Dixon Miller ‘23 missed over two weeks of school after an accident resulting in a broken arm which needed to be immobilized.  

“I feel like Greenhills did a really nice job of letting me take my time. I didn’t feel rushed and felt like I had enough time to make sure I was ready to re-enter,” said Miller. 

Any time an injury occurs, the incident is reported to Deano Smith, the Dean of Academics. 

“We hear from a student’s parents, or a grade dean, and that initiates a protocol from me and the academic office,” said Smith. “We have a conversation with the family, I send out a note to the teachers, grade dean, advisor, and Paula Mervin, since she takes attendance.”
Students work with Smith and the academic team to determine reasonable goals pertaining to completing assignments and returning to the building. 

“I started going back to my STEM classes first,” said Miller, “Greenhills was so flexible and let me come to one class per day.” 

When a student has to miss a significant amount of school due to an injury, teachers and advisors work closely with the student to make them feel at ease. 

“I work closely with the grade deans and team leaders who are the ones on the front lines,” said Smith, “I’ll talk to them, and they will work with the teachers and advisors.”

Cale Piedmonte-Lang ‘22, was playing goalkeeper for the Men’s Varsity Soccer team when he went up for a ball, was hit by the opposing player, flipped and landed on his head.  He suffered a concussion and missed several days of school afterwards as he recovered. 

“Not only was my team super supportive, but also my teachers. They worked with me to make sure I had everything I needed to catch up in my classes,” said Piedmonte-Lang. “I never felt rushed. I felt as though I had time to recover.” 

When students return to the building, teachers and faculty make sure the student is comfortable and has the materials they need to catch up on concepts. 

“The teachers are automatically compassionate. They make sure students have the concepts down,” said Smith. 

“Dr. Smith has been my point person … he has helped so much. When I first came back, he greeted me at the door and walked me to my first class,” said Miller. 

When a student’s injury requires a cast, wheelchair, scooter, or another form of mobility assistance, they work with Smith, Head of Upper School Quincy McLaughlin, and Learning Center Director Caitlin Smead ‘03. These faculty members work with students who require learning assistance after an injury. 

Teachers also make a point to accommodate the needs of students who may be challenged with mobility. 

“The teachers were really helpful.
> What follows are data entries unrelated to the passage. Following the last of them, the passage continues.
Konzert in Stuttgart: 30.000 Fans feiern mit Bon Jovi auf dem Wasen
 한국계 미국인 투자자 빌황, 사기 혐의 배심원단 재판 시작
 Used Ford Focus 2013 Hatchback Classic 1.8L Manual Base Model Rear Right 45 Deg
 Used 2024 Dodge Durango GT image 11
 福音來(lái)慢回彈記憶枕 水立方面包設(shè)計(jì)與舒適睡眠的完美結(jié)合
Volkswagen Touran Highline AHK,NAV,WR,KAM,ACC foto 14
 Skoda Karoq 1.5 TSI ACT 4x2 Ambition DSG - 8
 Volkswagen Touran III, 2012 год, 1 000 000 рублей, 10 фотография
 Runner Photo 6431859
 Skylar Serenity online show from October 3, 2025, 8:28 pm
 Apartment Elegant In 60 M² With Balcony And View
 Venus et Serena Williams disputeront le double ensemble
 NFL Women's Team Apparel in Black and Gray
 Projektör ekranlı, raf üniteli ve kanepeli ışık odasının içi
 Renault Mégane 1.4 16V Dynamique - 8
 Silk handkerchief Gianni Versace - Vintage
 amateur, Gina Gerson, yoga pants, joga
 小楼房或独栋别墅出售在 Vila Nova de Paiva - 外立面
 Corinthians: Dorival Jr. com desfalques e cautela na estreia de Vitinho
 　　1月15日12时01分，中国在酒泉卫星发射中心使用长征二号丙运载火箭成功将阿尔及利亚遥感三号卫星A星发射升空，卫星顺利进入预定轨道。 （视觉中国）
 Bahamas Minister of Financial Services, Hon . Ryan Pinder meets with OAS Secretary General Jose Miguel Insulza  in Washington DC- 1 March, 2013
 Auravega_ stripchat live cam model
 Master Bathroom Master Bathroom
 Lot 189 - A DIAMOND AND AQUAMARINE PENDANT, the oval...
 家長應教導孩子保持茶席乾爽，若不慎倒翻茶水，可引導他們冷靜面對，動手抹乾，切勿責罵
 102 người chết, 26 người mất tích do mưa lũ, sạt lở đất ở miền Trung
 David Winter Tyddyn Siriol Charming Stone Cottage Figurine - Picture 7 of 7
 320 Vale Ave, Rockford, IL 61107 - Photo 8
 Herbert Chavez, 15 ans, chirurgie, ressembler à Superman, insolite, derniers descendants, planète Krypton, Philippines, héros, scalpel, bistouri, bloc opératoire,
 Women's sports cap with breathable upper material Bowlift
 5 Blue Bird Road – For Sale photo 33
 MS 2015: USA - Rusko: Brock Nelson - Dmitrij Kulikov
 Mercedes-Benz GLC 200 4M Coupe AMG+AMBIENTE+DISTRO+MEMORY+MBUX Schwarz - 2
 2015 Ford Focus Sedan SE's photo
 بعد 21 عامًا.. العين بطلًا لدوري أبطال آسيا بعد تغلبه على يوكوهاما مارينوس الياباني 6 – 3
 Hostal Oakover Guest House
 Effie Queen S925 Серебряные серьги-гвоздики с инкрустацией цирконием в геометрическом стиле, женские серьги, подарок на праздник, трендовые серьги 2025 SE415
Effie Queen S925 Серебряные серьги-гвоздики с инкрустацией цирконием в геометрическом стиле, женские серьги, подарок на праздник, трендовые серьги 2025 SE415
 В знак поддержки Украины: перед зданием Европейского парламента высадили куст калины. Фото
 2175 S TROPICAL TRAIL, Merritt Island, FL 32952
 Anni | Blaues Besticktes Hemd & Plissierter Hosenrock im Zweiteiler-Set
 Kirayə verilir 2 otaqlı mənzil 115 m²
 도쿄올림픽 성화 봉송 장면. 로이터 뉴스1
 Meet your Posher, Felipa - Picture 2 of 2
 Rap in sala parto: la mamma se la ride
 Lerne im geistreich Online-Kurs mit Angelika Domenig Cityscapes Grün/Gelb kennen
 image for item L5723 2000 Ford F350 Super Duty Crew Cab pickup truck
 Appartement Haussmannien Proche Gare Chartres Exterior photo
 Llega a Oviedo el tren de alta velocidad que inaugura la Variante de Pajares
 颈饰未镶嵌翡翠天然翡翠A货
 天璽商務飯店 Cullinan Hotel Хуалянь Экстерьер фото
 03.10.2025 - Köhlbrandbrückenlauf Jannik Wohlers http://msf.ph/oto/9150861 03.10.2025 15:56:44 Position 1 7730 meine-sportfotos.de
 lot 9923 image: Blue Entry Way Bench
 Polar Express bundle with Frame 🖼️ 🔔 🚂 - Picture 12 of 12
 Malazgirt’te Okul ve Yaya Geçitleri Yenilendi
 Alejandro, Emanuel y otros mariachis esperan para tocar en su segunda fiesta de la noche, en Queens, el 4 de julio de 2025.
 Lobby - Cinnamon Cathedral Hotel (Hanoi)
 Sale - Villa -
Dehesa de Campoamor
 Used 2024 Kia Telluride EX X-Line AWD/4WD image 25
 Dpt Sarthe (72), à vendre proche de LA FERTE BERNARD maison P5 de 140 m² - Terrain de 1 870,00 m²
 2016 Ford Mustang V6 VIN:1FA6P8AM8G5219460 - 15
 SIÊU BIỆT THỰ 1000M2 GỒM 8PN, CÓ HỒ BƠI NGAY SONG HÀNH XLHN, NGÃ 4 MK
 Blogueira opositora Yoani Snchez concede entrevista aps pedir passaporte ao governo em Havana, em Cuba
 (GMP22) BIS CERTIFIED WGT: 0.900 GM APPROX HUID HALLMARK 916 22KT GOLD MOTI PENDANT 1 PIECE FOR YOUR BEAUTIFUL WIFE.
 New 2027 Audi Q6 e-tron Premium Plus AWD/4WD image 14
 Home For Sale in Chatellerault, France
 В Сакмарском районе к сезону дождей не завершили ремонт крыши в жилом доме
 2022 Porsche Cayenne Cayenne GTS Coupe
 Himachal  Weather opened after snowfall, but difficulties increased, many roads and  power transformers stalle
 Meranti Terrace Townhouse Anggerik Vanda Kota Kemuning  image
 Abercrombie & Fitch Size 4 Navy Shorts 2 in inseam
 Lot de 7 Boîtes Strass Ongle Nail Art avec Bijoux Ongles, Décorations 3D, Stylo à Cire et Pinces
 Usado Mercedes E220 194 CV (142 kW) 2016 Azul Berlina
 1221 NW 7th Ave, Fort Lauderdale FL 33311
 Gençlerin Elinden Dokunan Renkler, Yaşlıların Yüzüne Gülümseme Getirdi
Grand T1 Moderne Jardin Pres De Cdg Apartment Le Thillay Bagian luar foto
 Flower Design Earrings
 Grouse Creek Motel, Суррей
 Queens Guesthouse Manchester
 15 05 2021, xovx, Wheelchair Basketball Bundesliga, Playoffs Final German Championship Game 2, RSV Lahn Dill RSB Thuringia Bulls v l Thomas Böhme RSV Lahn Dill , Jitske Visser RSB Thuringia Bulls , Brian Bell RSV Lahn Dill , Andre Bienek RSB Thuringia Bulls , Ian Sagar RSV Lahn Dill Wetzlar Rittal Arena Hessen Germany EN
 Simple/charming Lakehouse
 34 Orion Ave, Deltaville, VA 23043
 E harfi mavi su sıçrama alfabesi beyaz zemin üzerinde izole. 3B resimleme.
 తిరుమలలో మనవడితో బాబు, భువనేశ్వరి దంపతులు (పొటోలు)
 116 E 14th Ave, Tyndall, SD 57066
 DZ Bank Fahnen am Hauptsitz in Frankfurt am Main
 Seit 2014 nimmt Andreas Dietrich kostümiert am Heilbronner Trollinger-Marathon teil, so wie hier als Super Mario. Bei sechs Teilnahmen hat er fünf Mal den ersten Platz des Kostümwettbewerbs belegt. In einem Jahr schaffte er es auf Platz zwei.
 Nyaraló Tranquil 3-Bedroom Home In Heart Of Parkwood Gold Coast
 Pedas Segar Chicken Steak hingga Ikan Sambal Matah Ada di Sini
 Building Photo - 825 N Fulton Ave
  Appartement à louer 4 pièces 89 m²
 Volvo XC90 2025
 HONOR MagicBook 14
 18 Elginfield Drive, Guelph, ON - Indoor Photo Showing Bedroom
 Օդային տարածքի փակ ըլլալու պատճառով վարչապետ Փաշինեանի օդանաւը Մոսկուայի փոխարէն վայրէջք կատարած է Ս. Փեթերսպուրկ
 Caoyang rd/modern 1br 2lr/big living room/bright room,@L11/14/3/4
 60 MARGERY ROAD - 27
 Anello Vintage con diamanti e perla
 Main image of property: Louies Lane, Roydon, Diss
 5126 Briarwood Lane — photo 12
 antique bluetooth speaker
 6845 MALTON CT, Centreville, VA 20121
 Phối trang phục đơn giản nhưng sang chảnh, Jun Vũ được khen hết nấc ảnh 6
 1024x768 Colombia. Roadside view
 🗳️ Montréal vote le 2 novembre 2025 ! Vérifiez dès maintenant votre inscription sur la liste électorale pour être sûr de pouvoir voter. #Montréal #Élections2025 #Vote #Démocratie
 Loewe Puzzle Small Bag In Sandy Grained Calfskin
Occasionally I’d say “I can’t do that,” and the teachers were really kind and really understanding,” said Miller.

Miller has a cast which covers the majority of his right arm. He is unable to use his right hand, which has led to very limited mobility. 

“Ms. Smead helped me do life with one arm. She taught me how to use voice dictation and always made sure I had a scribe when I needed one for an assignment or test,” said Miller ‘23. 

Tom Lucas ‘23, another member of the Men’s Varsity Soccer team, was clipped from behind by an opponent during a game which caused a sprained ankle and resulted in him being carried off the field by his teammates. Lucas spent many weeks on crutches as a result of the injury. 

“It was difficult to be on crutches at school. My arms hurt from carrying my bag, and it was difficult to get around school,” said Lucas. “My friends and teachers were really supportive though, they offered to carry my books and made sure I wasn’t falling behind.”

Leo Applegate ‘23 was using a mobility scooter for about 6 weeks after suffering a stress fracture in his left foot. 

“It was hard to get around the hallways, especially during passing periods,” said Applegate. “But luckily everyone was very helpful, my friends and teachers always made an effort to see if I needed help carrying anything or getting somewhere.” 

Greenhills works to help students who suffer accidents or injuries fully recover, before their complete return to the classroom. 

“The goal for students out for a longer period of time, or for any injured student, is to get better, and we as a school don’t want to slow that process down,” said Smith.